All I'm saying is, I think it's a lot easier than people imagine for us to slide right back into the early to mid-2010s of complete innovative stagnation, 4% gen-over-gen performance increases, and unjustifiably high prices for mid to top tier CPUs... As Intel has proven in the past that they'll immediately slam the brakes on progress unless a proverbial gun is pressed against their head.
Only Intel can find a way to make their new Core i5 processors even slower at iGPU than it's old HD 630!
[personal opinion space]
also a locked 12400 beating a 5600X on price perf value? well if the gap is in double digit and noticeable in daily usage ... yeah sure ...

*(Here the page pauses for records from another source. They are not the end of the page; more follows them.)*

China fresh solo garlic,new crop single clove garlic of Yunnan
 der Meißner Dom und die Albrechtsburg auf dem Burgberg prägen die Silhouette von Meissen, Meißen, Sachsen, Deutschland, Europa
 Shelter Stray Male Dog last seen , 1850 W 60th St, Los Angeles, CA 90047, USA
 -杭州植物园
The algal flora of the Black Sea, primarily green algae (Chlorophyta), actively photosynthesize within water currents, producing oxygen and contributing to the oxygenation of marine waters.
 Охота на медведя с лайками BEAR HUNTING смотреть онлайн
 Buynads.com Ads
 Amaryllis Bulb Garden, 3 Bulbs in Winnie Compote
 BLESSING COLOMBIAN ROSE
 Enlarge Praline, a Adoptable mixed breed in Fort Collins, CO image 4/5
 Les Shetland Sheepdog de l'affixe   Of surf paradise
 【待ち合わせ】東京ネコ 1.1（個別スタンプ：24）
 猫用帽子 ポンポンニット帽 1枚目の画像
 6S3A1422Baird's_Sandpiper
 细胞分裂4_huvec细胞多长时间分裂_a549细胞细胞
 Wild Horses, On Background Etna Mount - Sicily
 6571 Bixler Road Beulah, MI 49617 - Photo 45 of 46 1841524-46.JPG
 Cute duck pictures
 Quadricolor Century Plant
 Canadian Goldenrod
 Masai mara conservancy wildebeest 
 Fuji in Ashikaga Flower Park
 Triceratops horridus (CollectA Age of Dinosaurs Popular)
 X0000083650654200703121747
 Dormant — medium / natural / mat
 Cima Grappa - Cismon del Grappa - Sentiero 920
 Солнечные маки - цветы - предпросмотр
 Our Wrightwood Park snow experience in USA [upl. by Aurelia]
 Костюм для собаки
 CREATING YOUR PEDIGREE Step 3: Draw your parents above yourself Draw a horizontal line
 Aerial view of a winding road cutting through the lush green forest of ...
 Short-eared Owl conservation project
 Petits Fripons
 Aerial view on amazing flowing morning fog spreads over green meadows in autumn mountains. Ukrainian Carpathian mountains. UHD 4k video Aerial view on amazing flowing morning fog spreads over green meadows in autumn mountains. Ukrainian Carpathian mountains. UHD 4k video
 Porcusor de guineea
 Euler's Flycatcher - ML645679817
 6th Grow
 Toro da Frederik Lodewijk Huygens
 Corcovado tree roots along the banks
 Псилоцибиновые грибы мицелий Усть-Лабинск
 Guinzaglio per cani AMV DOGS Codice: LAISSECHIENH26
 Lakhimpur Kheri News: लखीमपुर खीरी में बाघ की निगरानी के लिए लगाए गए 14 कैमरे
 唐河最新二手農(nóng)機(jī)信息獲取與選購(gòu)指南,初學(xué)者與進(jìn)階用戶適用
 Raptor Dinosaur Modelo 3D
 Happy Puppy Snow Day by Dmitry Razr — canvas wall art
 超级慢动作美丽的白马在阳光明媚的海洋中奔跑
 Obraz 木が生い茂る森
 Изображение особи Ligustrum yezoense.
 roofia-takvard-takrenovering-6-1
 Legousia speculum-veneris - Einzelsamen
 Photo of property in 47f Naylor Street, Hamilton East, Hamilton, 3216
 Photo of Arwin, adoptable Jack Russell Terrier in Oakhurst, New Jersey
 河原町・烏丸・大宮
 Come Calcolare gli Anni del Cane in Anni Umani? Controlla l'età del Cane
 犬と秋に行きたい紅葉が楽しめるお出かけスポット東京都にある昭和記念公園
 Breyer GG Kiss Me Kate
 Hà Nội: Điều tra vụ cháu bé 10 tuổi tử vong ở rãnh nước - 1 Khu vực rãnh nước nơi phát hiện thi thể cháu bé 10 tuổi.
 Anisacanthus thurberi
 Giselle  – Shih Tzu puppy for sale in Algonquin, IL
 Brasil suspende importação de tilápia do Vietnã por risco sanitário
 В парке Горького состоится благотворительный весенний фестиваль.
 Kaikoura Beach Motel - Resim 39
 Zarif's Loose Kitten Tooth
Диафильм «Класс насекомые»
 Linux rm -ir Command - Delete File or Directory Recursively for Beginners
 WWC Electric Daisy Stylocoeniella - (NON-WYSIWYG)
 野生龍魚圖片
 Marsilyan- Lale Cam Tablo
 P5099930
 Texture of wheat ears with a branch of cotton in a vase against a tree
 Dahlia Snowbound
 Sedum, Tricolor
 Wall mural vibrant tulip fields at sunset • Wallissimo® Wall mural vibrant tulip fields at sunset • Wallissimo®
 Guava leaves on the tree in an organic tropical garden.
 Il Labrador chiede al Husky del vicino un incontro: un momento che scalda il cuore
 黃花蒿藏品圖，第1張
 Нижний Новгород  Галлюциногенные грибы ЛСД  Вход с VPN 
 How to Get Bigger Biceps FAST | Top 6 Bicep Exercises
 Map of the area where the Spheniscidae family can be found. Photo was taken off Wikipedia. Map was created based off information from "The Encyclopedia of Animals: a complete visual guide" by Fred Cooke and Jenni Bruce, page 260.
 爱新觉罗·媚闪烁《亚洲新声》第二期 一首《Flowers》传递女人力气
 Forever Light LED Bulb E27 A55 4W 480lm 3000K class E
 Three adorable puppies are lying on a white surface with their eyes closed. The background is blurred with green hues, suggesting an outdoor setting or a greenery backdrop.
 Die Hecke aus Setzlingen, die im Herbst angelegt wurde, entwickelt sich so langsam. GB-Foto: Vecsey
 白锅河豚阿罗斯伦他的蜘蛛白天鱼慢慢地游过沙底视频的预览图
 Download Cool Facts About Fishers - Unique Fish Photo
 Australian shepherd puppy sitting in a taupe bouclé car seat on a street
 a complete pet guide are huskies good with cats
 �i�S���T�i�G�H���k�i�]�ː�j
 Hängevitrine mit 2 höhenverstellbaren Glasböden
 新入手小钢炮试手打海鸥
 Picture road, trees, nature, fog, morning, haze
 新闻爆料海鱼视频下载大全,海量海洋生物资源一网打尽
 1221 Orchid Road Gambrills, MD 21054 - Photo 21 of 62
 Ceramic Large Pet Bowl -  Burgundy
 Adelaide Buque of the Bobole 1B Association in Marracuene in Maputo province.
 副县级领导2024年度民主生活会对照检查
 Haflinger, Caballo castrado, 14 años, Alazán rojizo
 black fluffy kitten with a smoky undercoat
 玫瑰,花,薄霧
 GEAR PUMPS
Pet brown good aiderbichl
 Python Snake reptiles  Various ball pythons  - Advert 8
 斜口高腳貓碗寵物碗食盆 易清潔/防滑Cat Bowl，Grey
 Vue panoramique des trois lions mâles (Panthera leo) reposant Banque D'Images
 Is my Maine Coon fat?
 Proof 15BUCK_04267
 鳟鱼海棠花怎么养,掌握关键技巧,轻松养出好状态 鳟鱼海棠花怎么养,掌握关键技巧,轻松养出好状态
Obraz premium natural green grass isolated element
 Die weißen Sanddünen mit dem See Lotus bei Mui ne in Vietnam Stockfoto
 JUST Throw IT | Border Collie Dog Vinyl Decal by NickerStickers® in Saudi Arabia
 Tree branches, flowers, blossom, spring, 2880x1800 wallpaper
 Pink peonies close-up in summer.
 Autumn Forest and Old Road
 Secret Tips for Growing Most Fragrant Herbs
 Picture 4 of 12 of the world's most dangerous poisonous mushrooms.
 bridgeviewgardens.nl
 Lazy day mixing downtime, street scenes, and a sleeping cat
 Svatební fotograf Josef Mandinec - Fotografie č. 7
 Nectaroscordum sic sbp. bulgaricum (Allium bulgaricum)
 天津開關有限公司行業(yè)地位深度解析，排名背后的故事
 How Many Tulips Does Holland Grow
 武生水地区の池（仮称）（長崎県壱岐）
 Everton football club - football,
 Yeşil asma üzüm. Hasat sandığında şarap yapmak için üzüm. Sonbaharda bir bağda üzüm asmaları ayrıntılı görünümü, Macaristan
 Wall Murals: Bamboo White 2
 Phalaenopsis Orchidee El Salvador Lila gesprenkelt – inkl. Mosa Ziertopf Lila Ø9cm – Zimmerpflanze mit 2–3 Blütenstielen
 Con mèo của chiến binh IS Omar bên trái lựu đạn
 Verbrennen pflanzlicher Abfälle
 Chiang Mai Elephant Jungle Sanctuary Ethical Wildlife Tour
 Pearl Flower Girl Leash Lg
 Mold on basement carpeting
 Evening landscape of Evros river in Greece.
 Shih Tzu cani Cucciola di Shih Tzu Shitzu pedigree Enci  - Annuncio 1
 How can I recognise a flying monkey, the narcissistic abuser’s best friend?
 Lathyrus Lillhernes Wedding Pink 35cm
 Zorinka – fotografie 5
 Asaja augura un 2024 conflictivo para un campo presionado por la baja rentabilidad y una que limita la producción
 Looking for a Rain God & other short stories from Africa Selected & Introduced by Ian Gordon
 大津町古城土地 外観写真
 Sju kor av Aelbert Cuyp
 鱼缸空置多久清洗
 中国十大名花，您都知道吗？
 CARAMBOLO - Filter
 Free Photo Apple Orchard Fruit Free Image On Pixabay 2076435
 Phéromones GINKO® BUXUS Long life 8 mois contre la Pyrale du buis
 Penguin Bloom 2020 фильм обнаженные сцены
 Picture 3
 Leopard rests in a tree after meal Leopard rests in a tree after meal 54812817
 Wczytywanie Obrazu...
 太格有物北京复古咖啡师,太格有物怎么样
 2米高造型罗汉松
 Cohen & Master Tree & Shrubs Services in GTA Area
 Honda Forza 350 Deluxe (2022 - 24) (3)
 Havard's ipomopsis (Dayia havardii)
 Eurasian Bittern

5600 is ~230$ for me atm 5600X is ~285$ given a choice even a 5600G would be just as good as that 12400 if IGP is needed at ~275$
(obviously given that i have an AM4 board, if i still had my 6600K and would need, indeed, a total platform overhaul, i might have thought differently, but then AM5 and next Ryzen is also on the way ... )
although i reckon the score is quite impressive against my 3600 (stock, got free but value paid by the generous donator was 185 chf ) MC 3412/SC 478 (again i wonder if it would translate with a huge gape in my daily use)
nonetheless i am glad Intel is not sitting on their thumbs ... but i kinda find their current attitude childish (not referencing leak, but rather their PR )
i think it was enginering sample but "golden chips" will able give for everyday work in windows with some aio 360 cooler about 800-900 points,, of course will not possible run all cores on 100%... but on that multicore software work i have 2990WX... )) old and unsupoorted from amd...
soo i see nearly all programs in my win run on max 1-2 cores,,,, more cores need only if you do x265.. AI go best on nvidia
thast why i go to intel....and some fast pcie-5 nvme
5600G vs 5600X is an interesting dynamic. In my experience the frequencies end up pretty much the same but where cache matters, 5600X is measurably faster. That includes games.
Edit: My 5600G Cinebench R20 results are 21-22% lower.